Technologies you might use

Create a custom mutating admission controller that queries ECR API for known images and adds (mutates) the image’s own vulnerabilities as annotations into the deployment. Then use OPA Gatekeeper (Validation admission controller) to check that the images being deployed meet the security requirements we feel comfortable with. Do this by creating Rego policies. Besides checking for vulnerabilities, you could also check for deployment misconfiguration like not setting CPU and Memory limits.

OPA Gatekeeper is a policy engine that can be used by any department that wants to ensure deployments meet their standards.

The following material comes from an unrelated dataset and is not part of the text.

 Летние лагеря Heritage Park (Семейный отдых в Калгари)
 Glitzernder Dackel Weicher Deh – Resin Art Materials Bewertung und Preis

It may be used by the infrastructure team, to ensure teams deploy with resource restriction rules, or by the SRE team, to ensure deployments include Liveness and readiness probes.

Deployed image vulnerability detection

Attack vector coverage

image type \ image use	Conventional deployment	Unconventional deployment	Post-deployment new vulnerabilities
Known image	❌	❌	✅
Unknown image	❌	❌	✅

This final scan is important because it checks for vulnerabilities in deployed container images. It is most usual to find new vulnerabilities in already deployed images due to researchers and hackers alike finding new vulnerabilities in packages and dependencies that are included in the container image that has been deployed.

As a secondary feature, having a tool that scans for vulnerabilities on installed software provides an inventory of known applications and vulnerabilities that are currently deployed in the cluster.

Technologies you might use

Trivy-operator

This application scans the deployed images and adds the scan results as a CRD (Custom Resource Definitions) into the deployment or application being scanned. You can later gather all the insights obtained and produce a dashboard with the vulnerabilities in the cluster.

Conclusion

By creating a vulnerability matrix that maps out possible attack vectors, we can increase the awareness of our security posture. The specific tools suggested in this article might fit your needs, but if not, the matrix will always allow you to take an informed decision on what tools you need to cover a specific attack vector.